Spastic uses procmail and common system utilities like formail, dig, and egrep to scan elements of an email message for patterns, check for valid domains and address formats, etc. One big difference between Spastic and SpamAssassin is that Spastic rules are binary. When a Spastic rule fires, the message is flagged as spam. If a message passes all the tests, it is not flagged. There is no ranking system. The Spastic distribution also includes bash scripts for reporting statistics and rotating spam archives.
The way I tested each program was to set it up to filter all incoming email for a seven day period and log the success rate of each. I made no configuration changes or tweaks to either program during the test. The main configuration I did for SpamAssassin was setting up my whitelist and a couple of cosmetic settings. Since I am on several mailing lists, I receive about 300 messages a day. In this mix is usually a small number of spam messages which come from a variety of sources. I usually receive about 10-20 spam messages a week, which I consider low by most standards today.
I tested SpamAssassin from April 14-20, 2003 and Spastic from April 21-27, 2003.
While my test results are accurate for the email I typically receive, I can't generalize my results to other email users. Please keep in mind that your results may vary.
|Correctly stopped 16 spam messages.||Correctly stopped 10 spam messages.|
|1 false positive.||0 false positives.|
|1 missed spam message.||2 missed spam messages.|
|Total messages processed outside of whitelists: 51||Total messages processed outside of whitelists: 49|
|2 out of 69 incorrect = 67/69 = 97.10% correct||2 out of incorrect = 63/65 = 96.92% correct|
Unfortunately, I realized too late that I should have saved the messages with which each program made an error and cross-tested them against the other one to see if it would have done better. I made a note of it for the next time I run a comparison test.

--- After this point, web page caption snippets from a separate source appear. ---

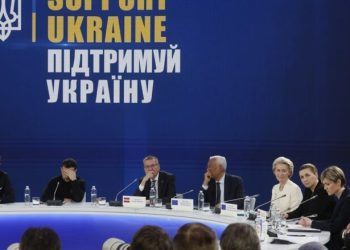 Von der Leyen: Ukraina mund të pranohet në BE më herët se 2030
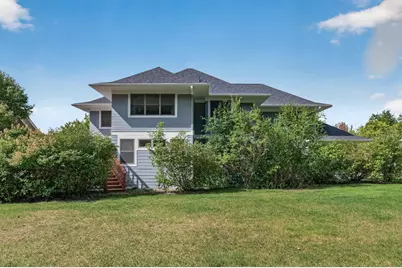11224 Halstead Trail, Woodbury, MN 55129 - Photo 61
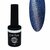 Brilliant CatEye 20 - Urban Nails BCA20
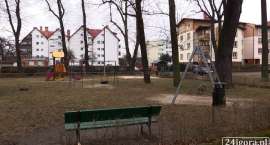 zdjęcie nr 69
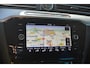 Volkswagen Passat Variant 1.5 TSI Highline Business R/Org NL/NAP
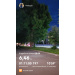  Hochgeladen am 08.08.2026 00:00:00Курицина Надежда 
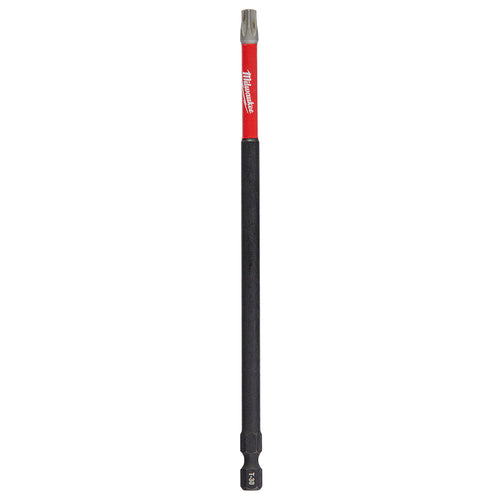 Milwaukee Tool 48-32-4848 6" POWER BIT T30 BULK 10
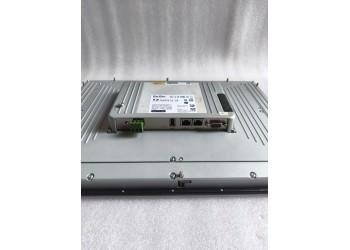 BEIJER X2MARINE15-B2  X2MARINE15-B2 ALFA-LAVAL BEIJER 640001605 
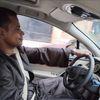mohamed.tegana6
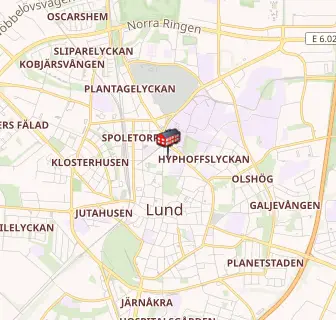 Lund
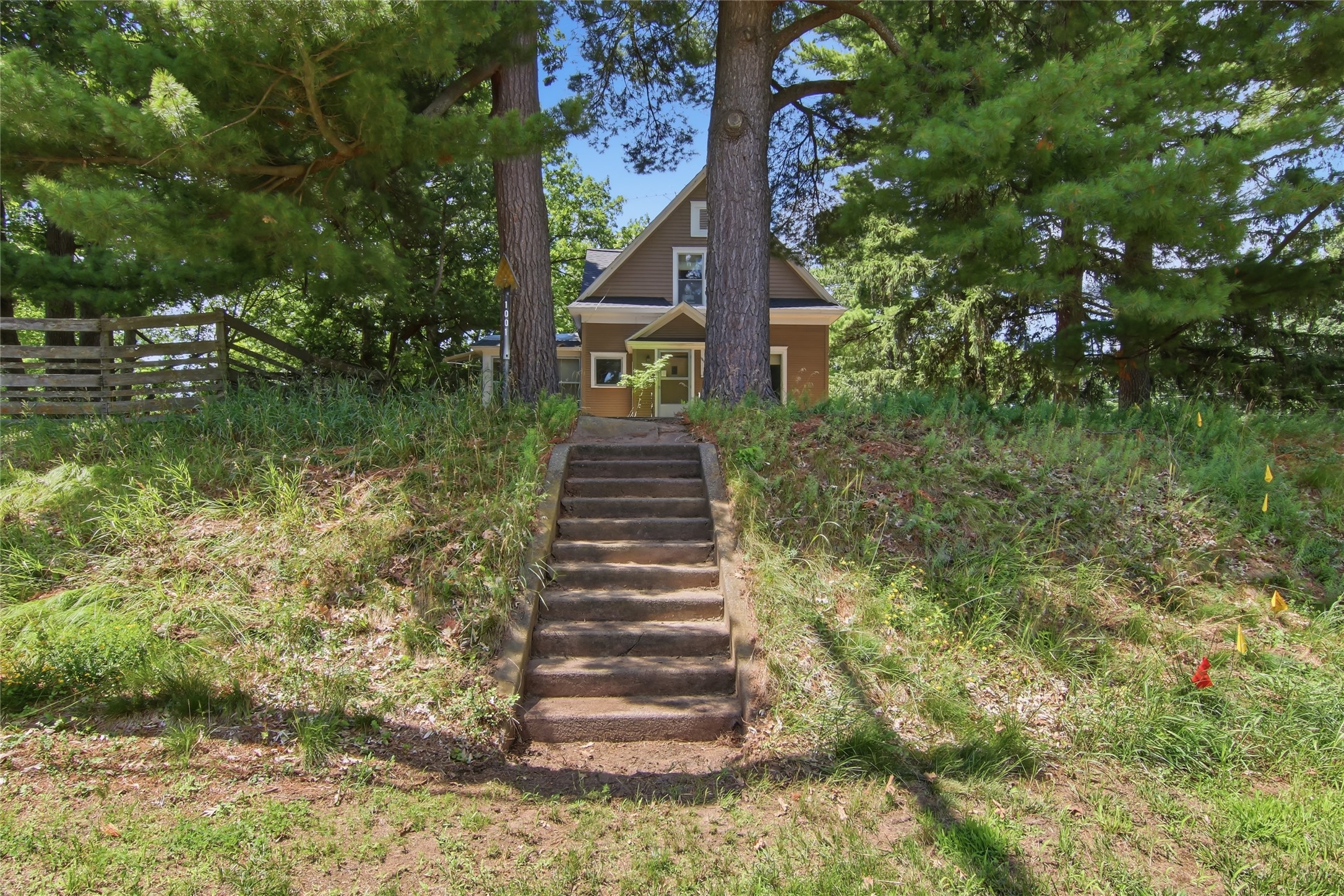 1001 13th Street Se Property Photo 35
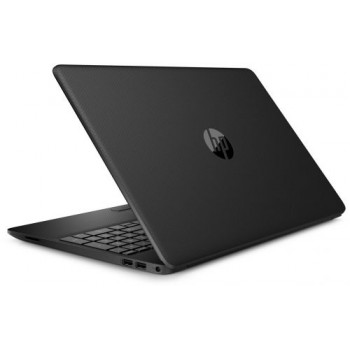 Ноутбук HP 15-dw1170ur 2X3A5EA (ХПЕ)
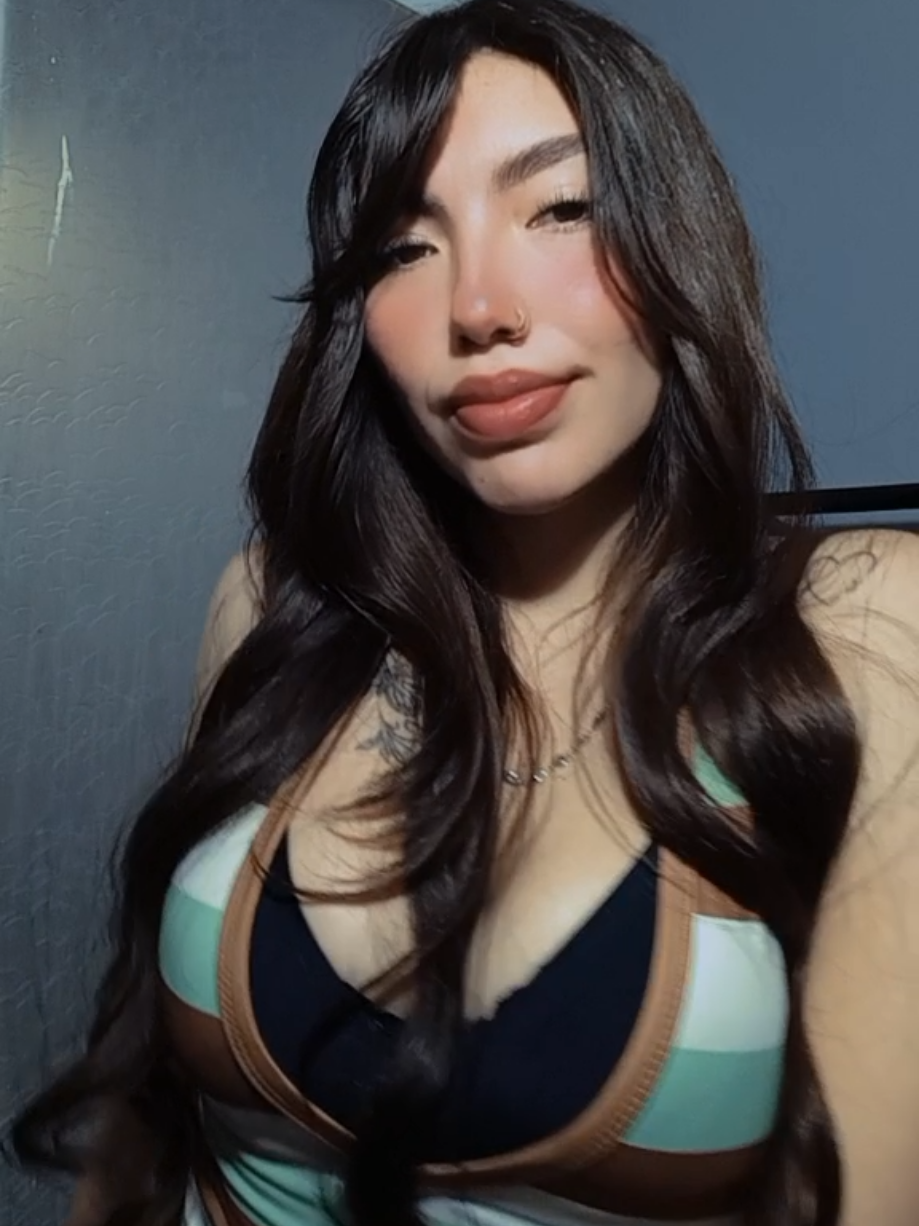 @Ximenita🪐
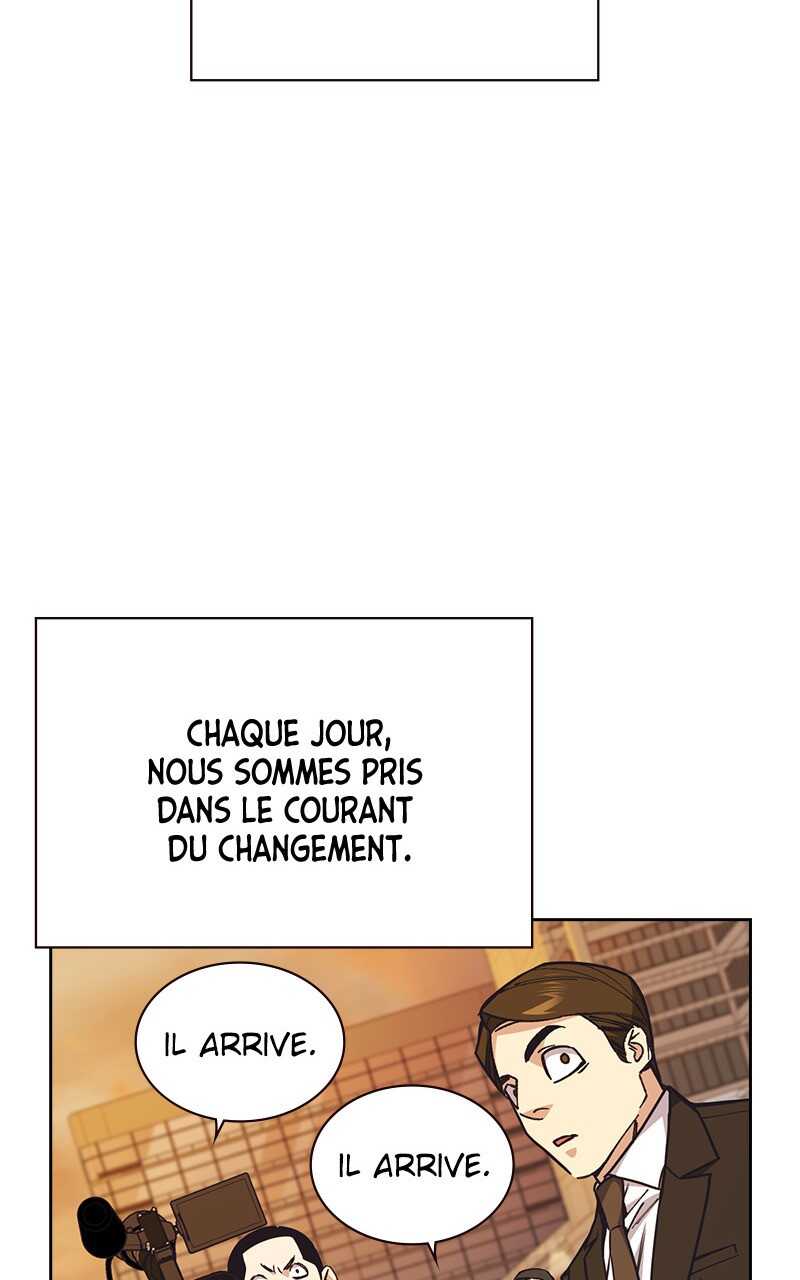 Study Group Chapitre 118 - Page 61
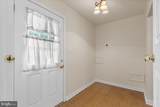 8407 Wesley Stinnett Boulevard - Photo 30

The results were very close, with SpamAssassin ending with a slightly higher percentage for correctly processing messages. If you are more concerned with false positives, Spastic came out slightly ahead, since many people would rather see a spam message slip through their filter than take a chance on losing an important message. Keep in mind that these sample sets are very small, so drawing firm conclusions is difficult.
After using the programs back-to-back, I have some observations about the strengths and weaknesses of each.
SpamAssassin is the king of spam filtering for a reason. It is very sophisticated, well designed, and effective. For a sitewide filtering solution, I would strongly recommend SpamAssassin over Spastic. If you can't use SpamAssassin on a particular box (like a hosted box), or if you want a simpler solution for a small number of users, Spastic will also serve you well.
If you want to explore further, here are two other interesting antispam tools:
This is just the tip of the growing iceberg of antispam tools in circulation today. I've been very happy with SpamAssassin for the last year or so. What are you using? What's your experience been with it? What's still slipping through? Where do you think the spam war is headed?